____ DATASET EXTRACT

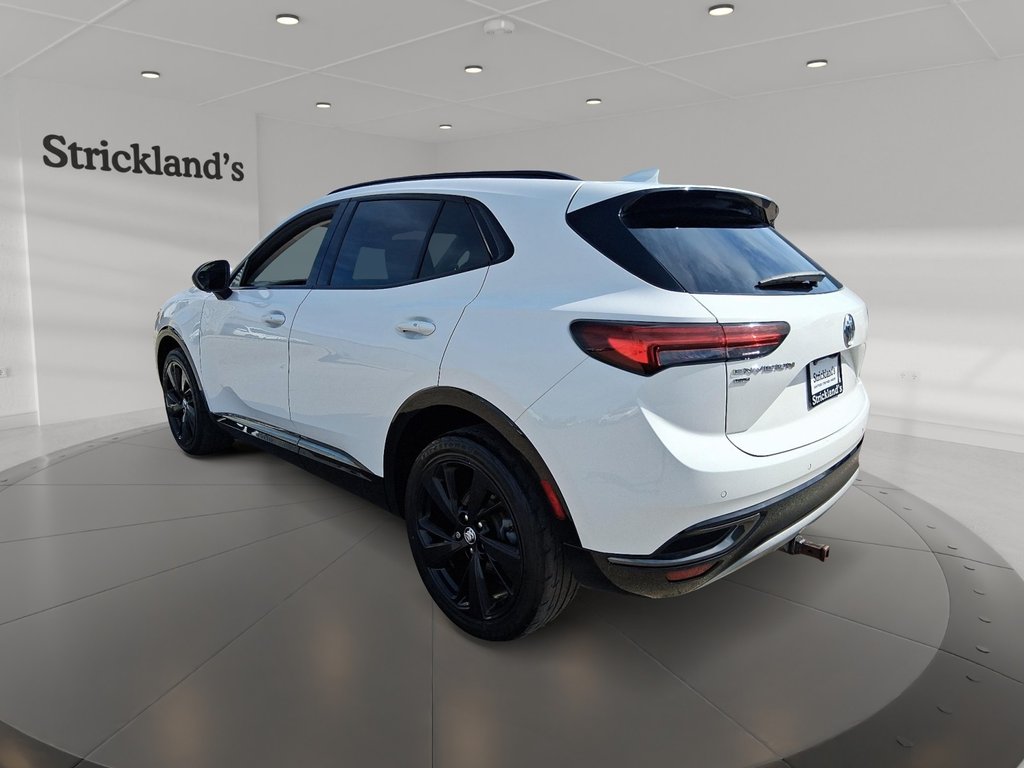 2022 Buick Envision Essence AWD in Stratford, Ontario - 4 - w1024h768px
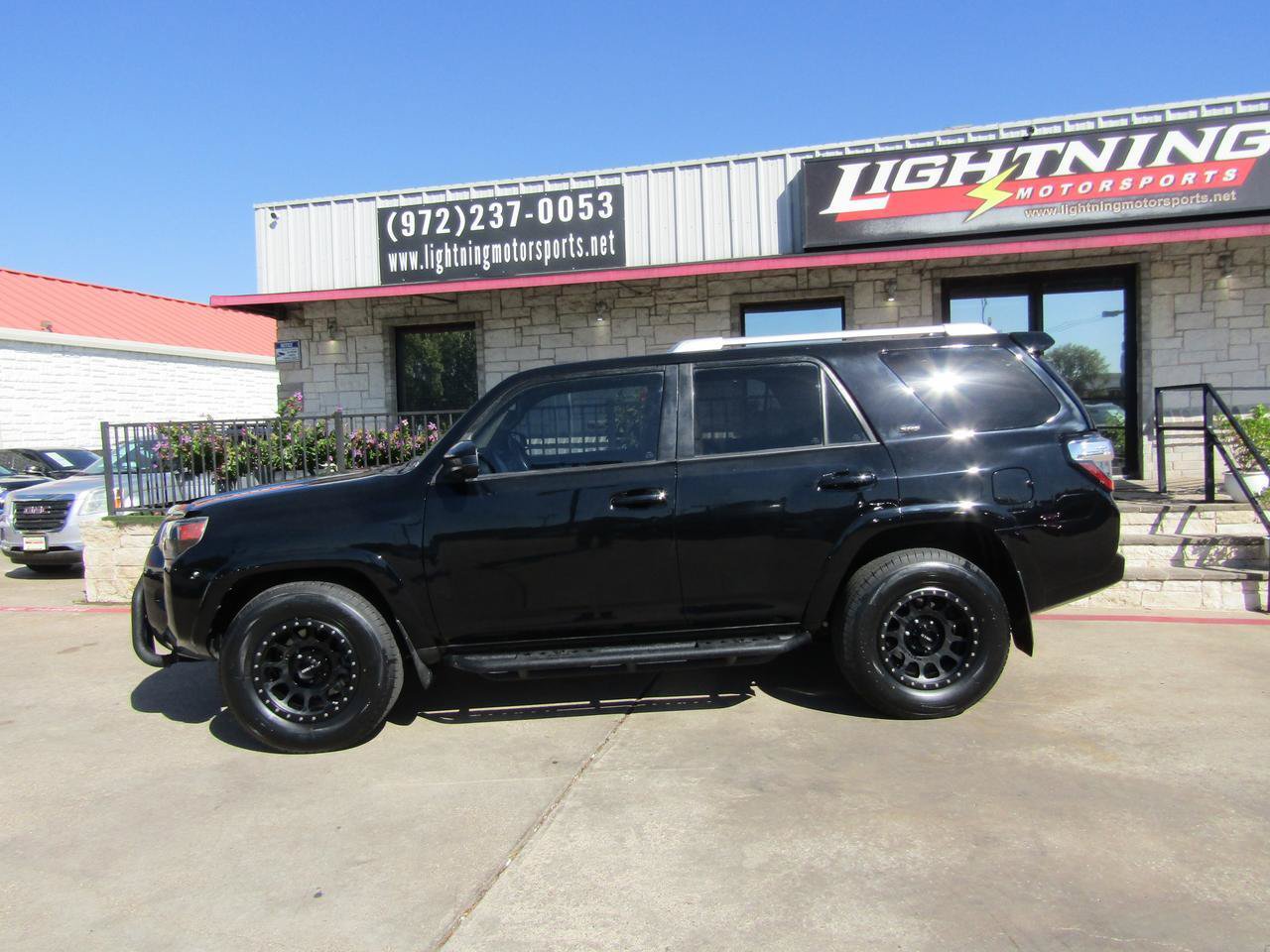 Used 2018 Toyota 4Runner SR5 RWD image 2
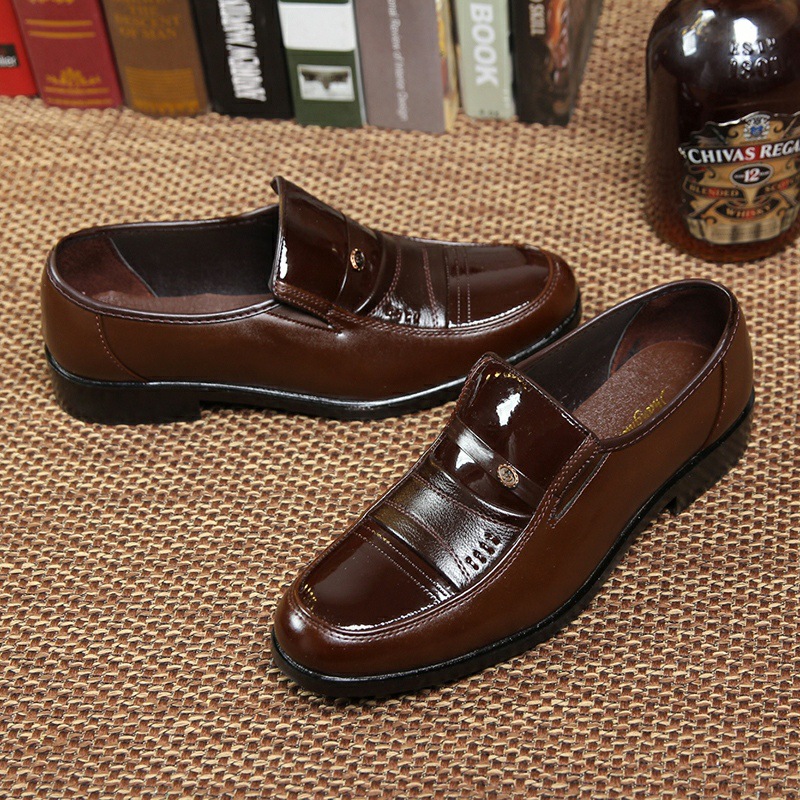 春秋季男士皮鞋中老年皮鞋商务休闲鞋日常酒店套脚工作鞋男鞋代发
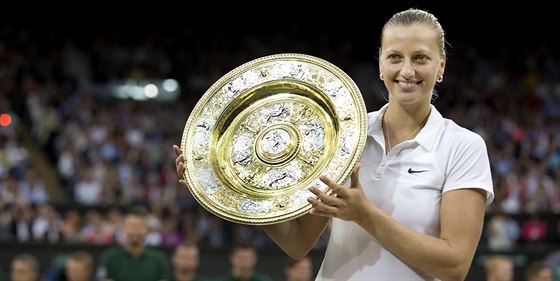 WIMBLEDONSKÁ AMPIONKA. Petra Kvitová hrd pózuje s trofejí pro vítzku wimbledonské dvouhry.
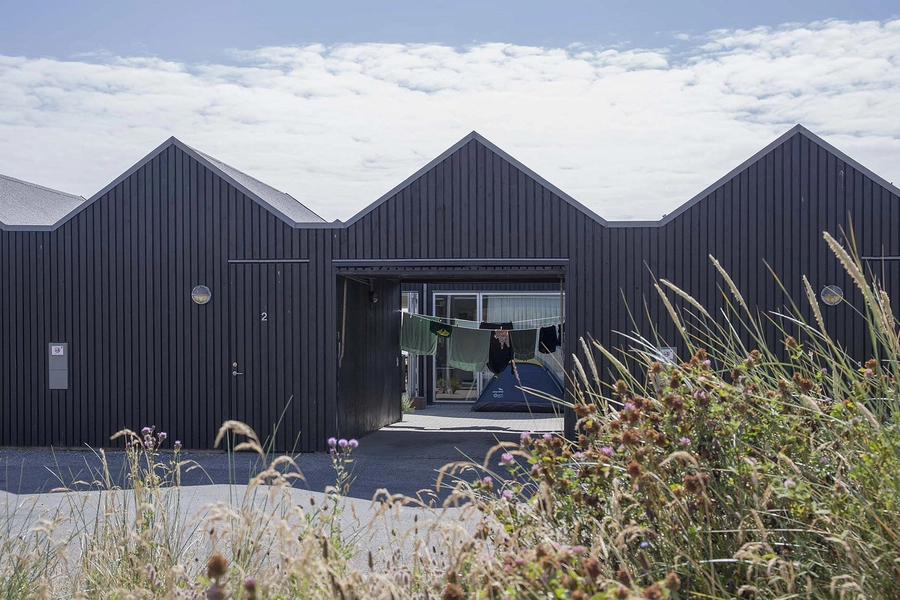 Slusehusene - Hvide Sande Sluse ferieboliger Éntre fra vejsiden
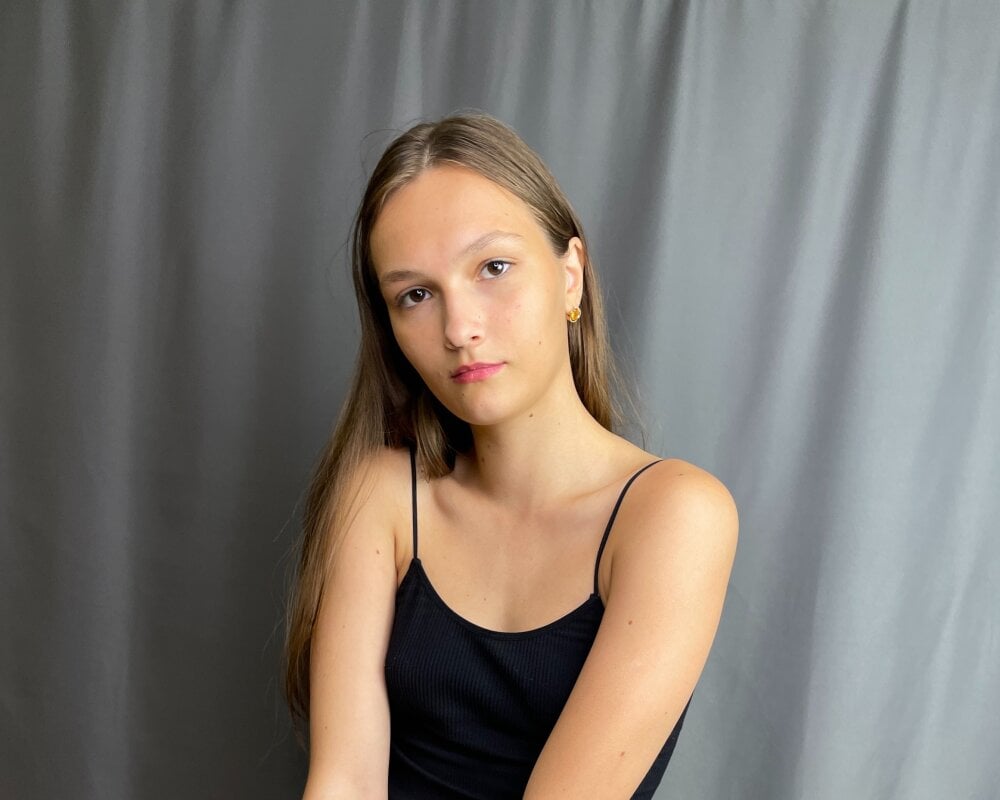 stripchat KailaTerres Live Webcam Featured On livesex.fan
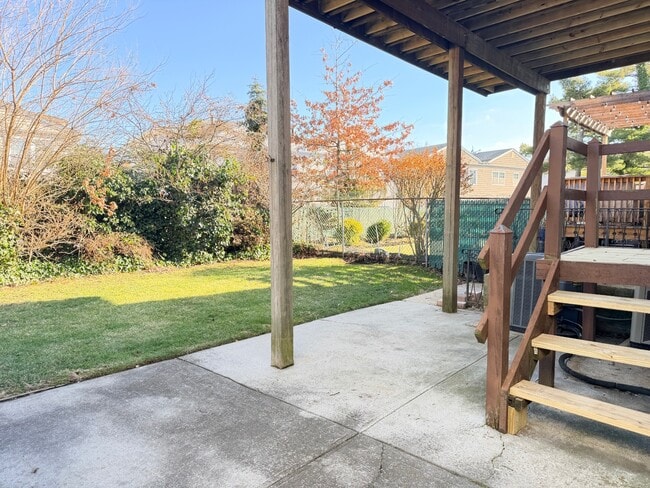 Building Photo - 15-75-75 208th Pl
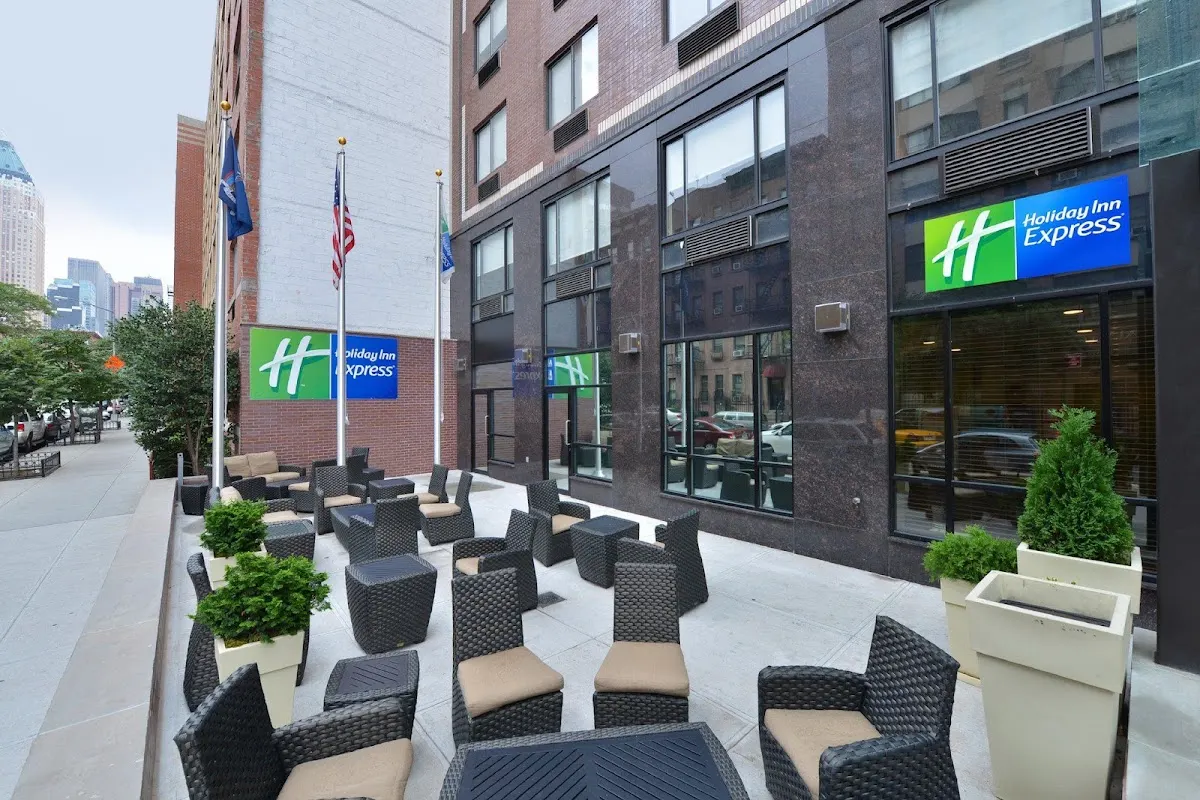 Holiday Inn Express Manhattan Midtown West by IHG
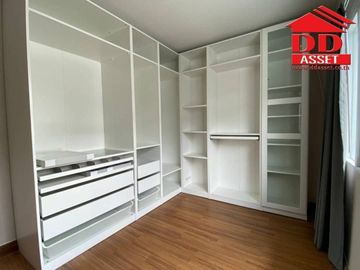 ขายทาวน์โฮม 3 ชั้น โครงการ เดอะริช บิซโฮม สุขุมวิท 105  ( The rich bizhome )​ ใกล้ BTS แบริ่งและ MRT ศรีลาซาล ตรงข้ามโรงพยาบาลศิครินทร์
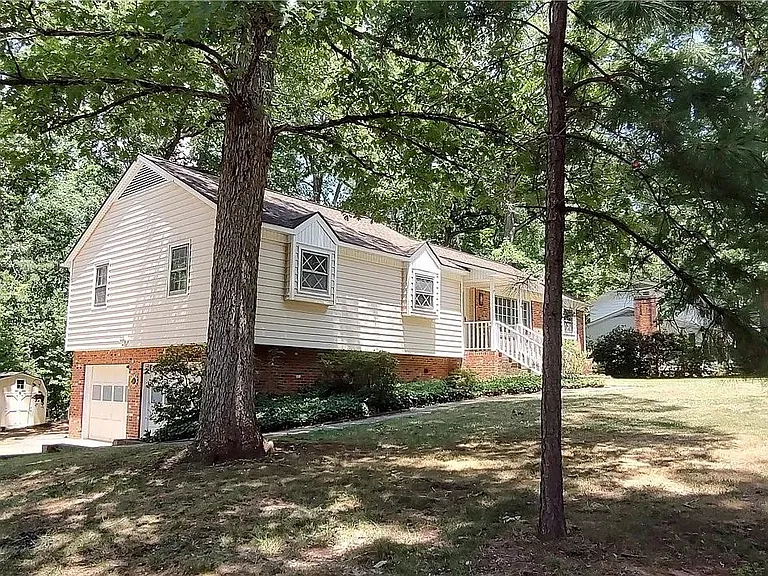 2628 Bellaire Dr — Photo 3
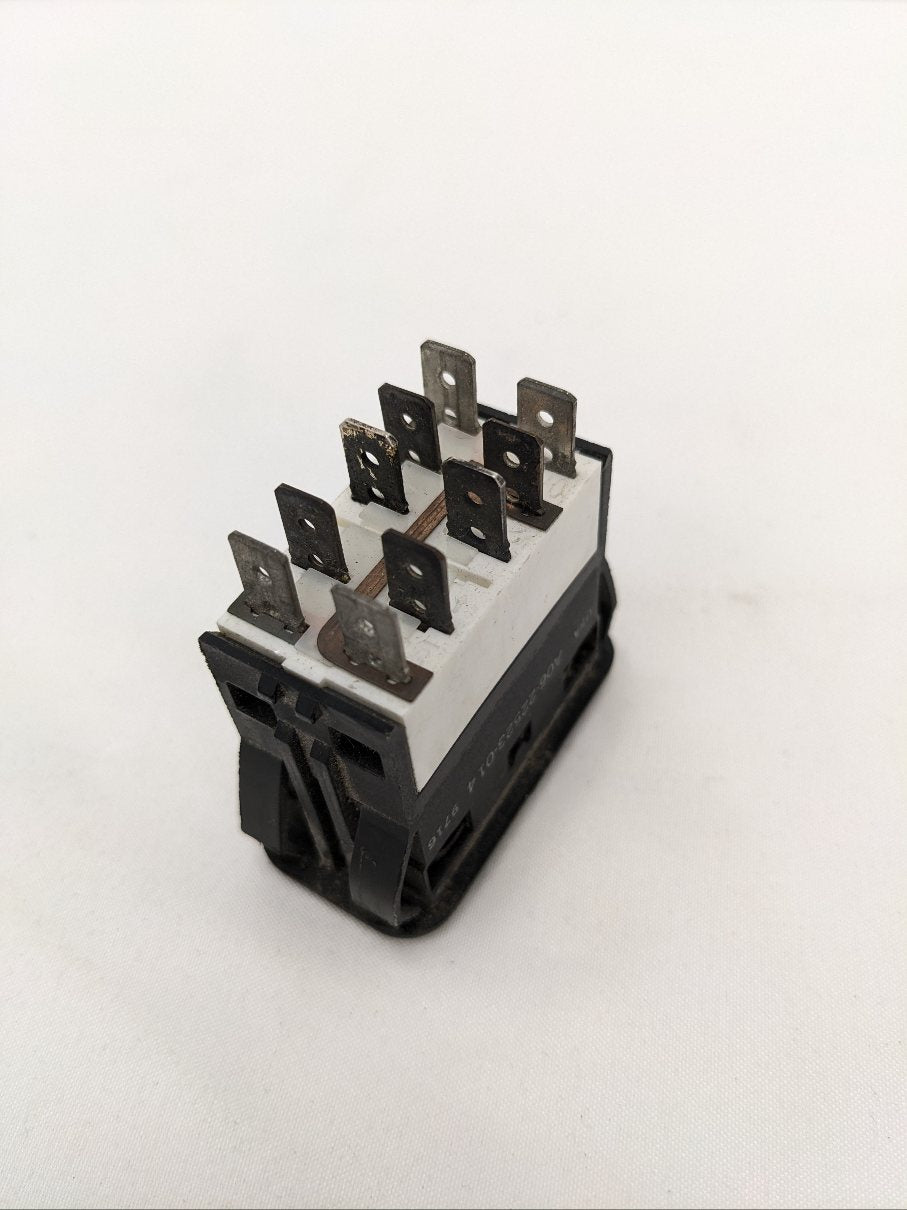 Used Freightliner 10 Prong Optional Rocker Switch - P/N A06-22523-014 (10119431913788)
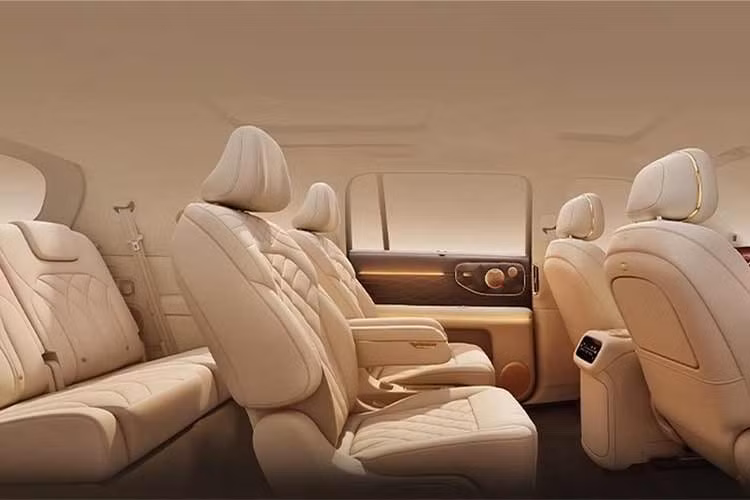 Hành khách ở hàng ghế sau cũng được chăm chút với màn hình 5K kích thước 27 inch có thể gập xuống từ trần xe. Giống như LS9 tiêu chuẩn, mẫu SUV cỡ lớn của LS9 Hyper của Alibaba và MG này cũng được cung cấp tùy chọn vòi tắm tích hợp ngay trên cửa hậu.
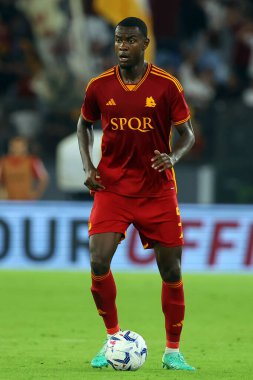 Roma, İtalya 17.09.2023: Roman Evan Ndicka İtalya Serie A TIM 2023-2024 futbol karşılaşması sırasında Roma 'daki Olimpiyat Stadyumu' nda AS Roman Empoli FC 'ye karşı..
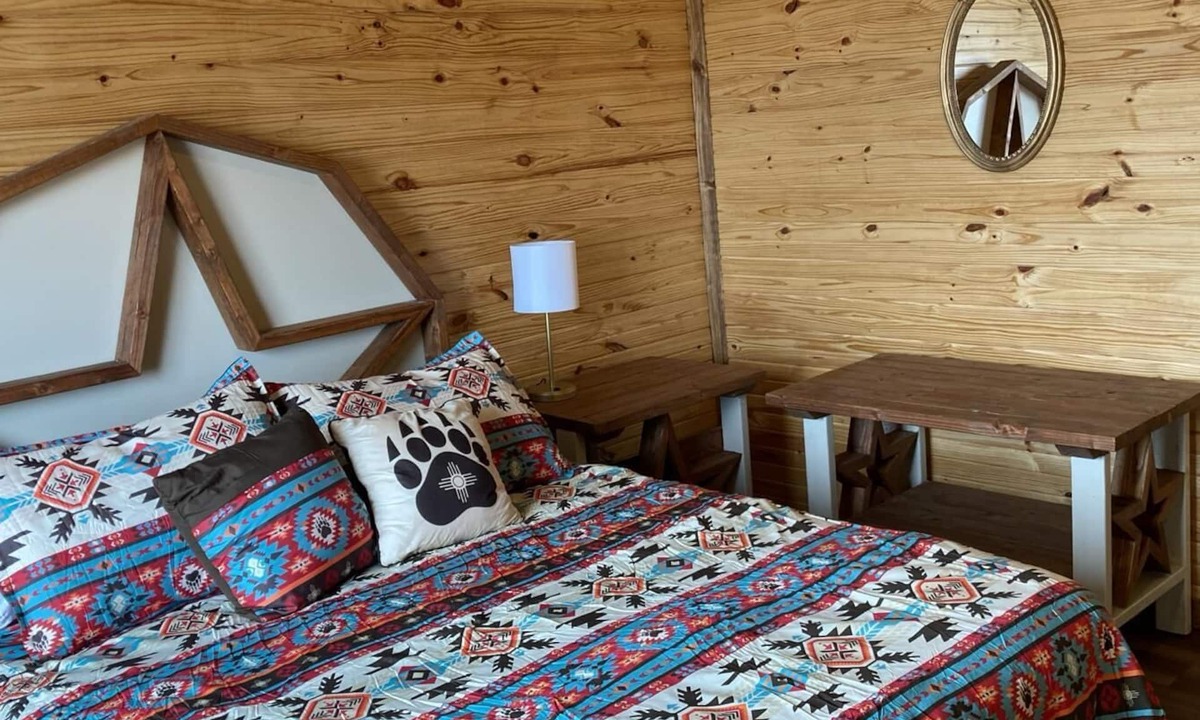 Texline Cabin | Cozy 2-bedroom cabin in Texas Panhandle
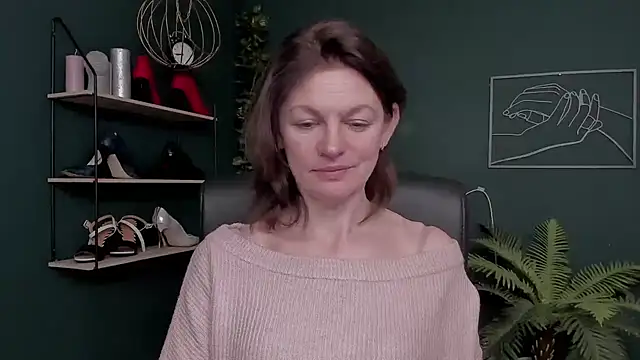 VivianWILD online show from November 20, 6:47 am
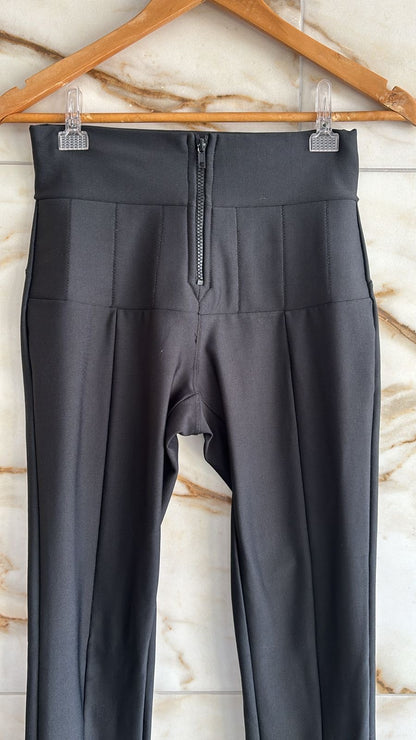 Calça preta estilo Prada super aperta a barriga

________

[WORK TO BE COMPLETED] Transcribe nothing but the lines from the one containing "Building Photo - 15-75-75 208th Pl" through the final line of the records, exactly as written and without pictures.

[RESULT OF THIS TASK]
 Building Photo - 15-75-75 208th Pl
 Holiday Inn Express Manhattan Midtown West by IHG
 ขายทาวน์โฮม 3 ชั้น โครงการ เดอะริช บิซโฮม สุขุมวิท 105  ( The rich bizhome )​ ใกล้ BTS แบริ่งและ MRT ศรีลาซาล ตรงข้ามโรงพยาบาลศิครินทร์
 2628 Bellaire Dr — Photo 3
 Used Freightliner 10 Prong Optional Rocker Switch - P/N A06-22523-014 (10119431913788)
 Hành khách ở hàng ghế sau cũng được chăm chút với màn hình 5K kích thước 27 inch có thể gập xuống từ trần xe. Giống như LS9 tiêu chuẩn, mẫu SUV cỡ lớn của LS9 Hyper của Alibaba và MG này cũng được cung cấp tùy chọn vòi tắm tích hợp ngay trên cửa hậu.
 Roma, İtalya 17.09.2023: Roman Evan Ndicka İtalya Serie A TIM 2023-2024 futbol karşılaşması sırasında Roma 'daki Olimpiyat Stadyumu' nda AS Roman Empoli FC 'ye karşı..
 Texline Cabin | Cozy 2-bedroom cabin in Texas Panhandle
 VivianWILD online show from November 20, 6:47 am
 Calça preta estilo Prada super aperta a barriga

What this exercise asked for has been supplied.